▶ **What is needed**
Word for word, write out all of the data below.

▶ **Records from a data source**
####
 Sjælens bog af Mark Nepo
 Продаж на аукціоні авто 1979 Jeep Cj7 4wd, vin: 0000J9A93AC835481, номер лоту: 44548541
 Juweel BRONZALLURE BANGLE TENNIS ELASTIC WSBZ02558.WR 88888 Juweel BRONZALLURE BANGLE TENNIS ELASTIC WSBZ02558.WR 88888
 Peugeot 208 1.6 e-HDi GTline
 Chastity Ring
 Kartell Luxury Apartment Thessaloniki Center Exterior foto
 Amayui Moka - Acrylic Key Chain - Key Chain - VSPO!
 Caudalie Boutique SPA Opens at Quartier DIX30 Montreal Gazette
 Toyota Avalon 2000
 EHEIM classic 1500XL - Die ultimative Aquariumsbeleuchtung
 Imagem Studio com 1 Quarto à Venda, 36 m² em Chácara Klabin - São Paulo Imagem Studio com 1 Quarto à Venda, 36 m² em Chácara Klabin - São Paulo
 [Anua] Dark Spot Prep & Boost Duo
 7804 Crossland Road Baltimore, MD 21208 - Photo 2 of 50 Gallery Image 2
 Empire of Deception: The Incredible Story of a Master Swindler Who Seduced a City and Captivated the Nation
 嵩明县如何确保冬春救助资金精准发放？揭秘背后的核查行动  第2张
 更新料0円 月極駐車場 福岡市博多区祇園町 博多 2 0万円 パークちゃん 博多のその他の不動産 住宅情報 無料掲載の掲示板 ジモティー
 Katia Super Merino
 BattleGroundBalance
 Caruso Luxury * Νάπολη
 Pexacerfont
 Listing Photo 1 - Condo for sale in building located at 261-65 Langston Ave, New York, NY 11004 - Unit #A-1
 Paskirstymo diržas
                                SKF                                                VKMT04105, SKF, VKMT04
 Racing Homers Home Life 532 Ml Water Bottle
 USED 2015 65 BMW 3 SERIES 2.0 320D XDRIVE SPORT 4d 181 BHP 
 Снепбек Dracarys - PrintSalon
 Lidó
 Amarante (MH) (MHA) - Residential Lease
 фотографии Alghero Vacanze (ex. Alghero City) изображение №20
####
▶ **Task output**
 Sjælens bog af Mark Nepo
 Продаж на аукціоні авто 1979 Jeep Cj7 4wd, vin: 0000J9A93AC835481, номер лоту: 44548541
 Juweel BRONZALLURE BANGLE TENNIS ELASTIC WSBZ02558.WR 88888 Juweel BRONZALLURE BANGLE TENNIS ELASTIC WSBZ02558.WR 88888
 Peugeot 208 1.6 e-HDi GTline
 Chastity Ring
 Kartell Luxury Apartment Thessaloniki Center Exterior foto
 Amayui Moka - Acrylic Key Chain - Key Chain - VSPO!
 Caudalie Boutique SPA Opens at Quartier DIX30 Montreal Gazette
 Toyota Avalon 2000
 EHEIM classic 1500XL - Die ultimative Aquariumsbeleuchtung
 Imagem Studio com 1 Quarto à Venda, 36 m² em Chácara Klabin - São Paulo Imagem Studio com 1 Quarto à Venda, 36 m² em Chácara Klabin - São Paulo
 [Anua] Dark Spot Prep & Boost Duo
 7804 Crossland Road Baltimore, MD 21208 - Photo 2 of 50 Gallery Image 2
 Empire of Deception: The Incredible Story of a Master Swindler Who Seduced a City and Captivated the Nation
 嵩明县如何确保冬春救助资金精准发放？揭秘背后的核查行动  第2张
 更新料0円 月極駐車場 福岡市博多区祇園町 博多 2 0万円 パークちゃん 博多のその他の不動産 住宅情報 無料掲載の掲示板 ジモティー
 Katia Super Merino
 BattleGroundBalance
 Caruso Luxury * Νάπολη
 Pexacerfont
 Listing Photo 1 - Condo for sale in building located at 261-65 Langston Ave, New York, NY 11004 - Unit #A-1
 Paskirstymo diržas
                                SKF                                                VKMT04105, SKF, VKMT04
 Racing Homers Home Life 532 Ml Water Bottle
 USED 2015 65 BMW 3 SERIES 2.0 320D XDRIVE SPORT 4d 181 BHP 
 Снепбек Dracarys - PrintSalon
 Lidó
 Amarante (MH) (MHA) - Residential Lease
 фотографии Alghero Vacanze (ex. Alghero City) изображение №20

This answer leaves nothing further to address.